Yannick, let me put it this way.
Mininova has had 8 billion torrents downloaded. Grooveshark lets people stream entire albums for free. Today’s youth, don’t need advertising messages targeting them with the message of how music grows on you overtime. They aren’t living in the vacuum tube of the Hot 100 and growing up isolated from the richness of a full length album. Chances are, they’ve file-shared a whole album, long before they had the allowance money to buy one.
As for song-sequencing, obviously, it would start from the first song you choose, take songs that go together, and readjust when you skipped a song. It wouldn’t be the same boring playlist and since an iPod already knows what songs you play the most often, it could attempt to be the middle ground. All I’m saying is that it would be a neat feature to have. After all, I’d assume there would be settings to adjust the familiarity and randomness of the selections played. In addition to that, I was merely expressing my curiosity towards innovative organization systems.
If there was a way, to reward the best play-listers in some way, perhaps, you pose an interesting notion, but I’m not sure, as you depict it, that it would stand.

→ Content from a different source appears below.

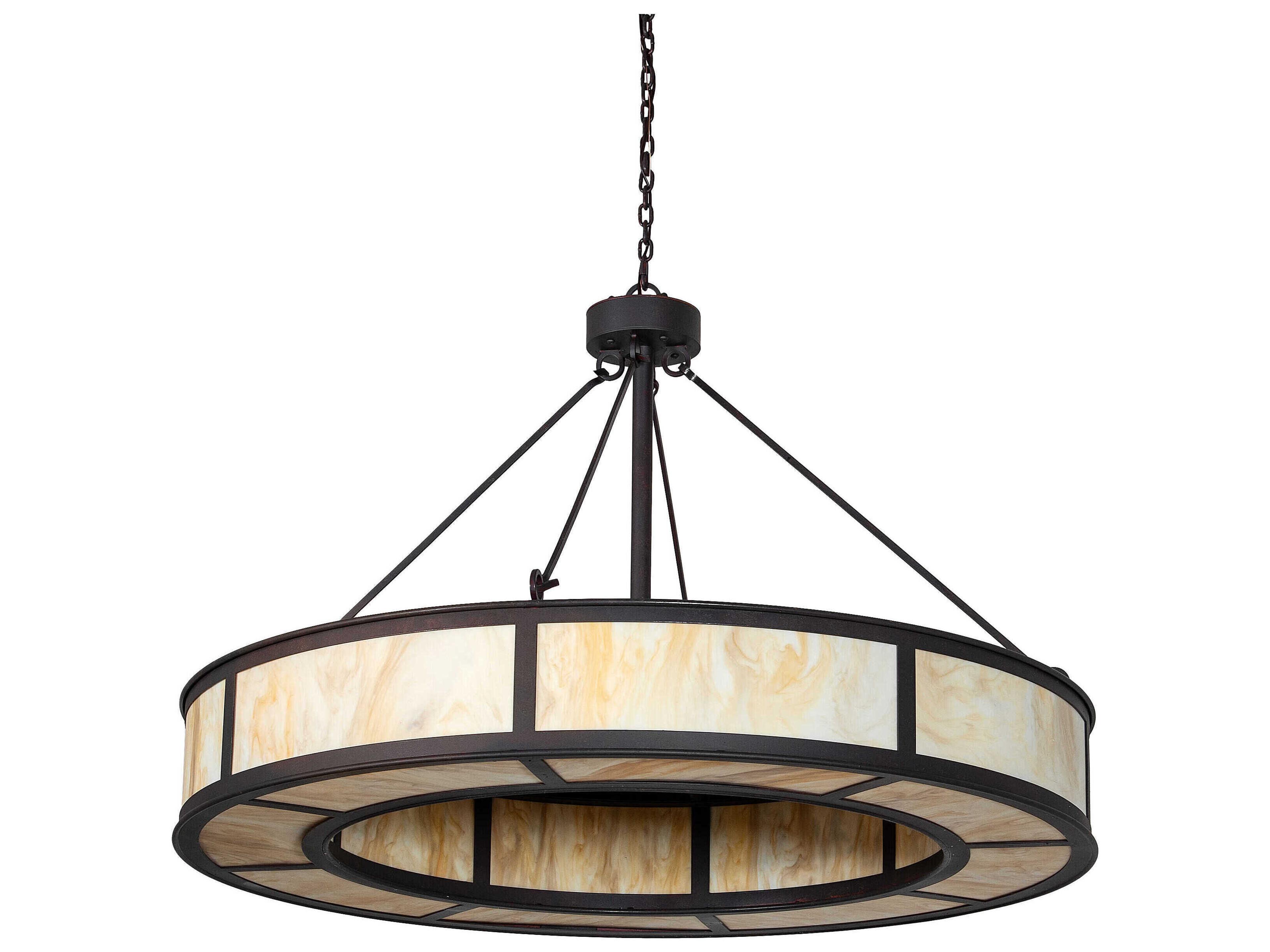 Meyda Tall Pines 8-Light Copper Metallic Black Cherry Outdoor Hanging Light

“Therefore, it has decreased the life-cycle of a song as it permeates through the masses, but in turn, it has increased the life of the song in general to the extent of forever.”

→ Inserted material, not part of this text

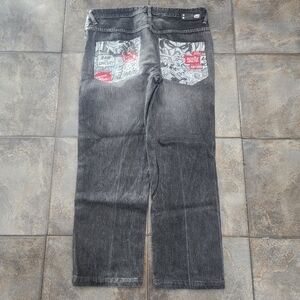 Vintage Y2K Ecko Unlimited Men's 38x30 Black Baggy Comic Print Denim Jeans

Okay, so, sometimes, things released in the US, aren’t released at the same time overseas. They could read about, what we already experienced and wait. Now, once someone has it, pending on legal issues, potentially everyone has it. Therefore, I’d argue the quickness of the Internet and the influence of social media speed up the process of more traditional forms of word of mouth and mass distribution. So, yes, from the marketing perspective and in the second part, culture used to have a degree of regulation that promoted the idea of scarcity, for example the Disney Vault. Now, if you take it away from the market, the market still has the copies and can distribute them to each other.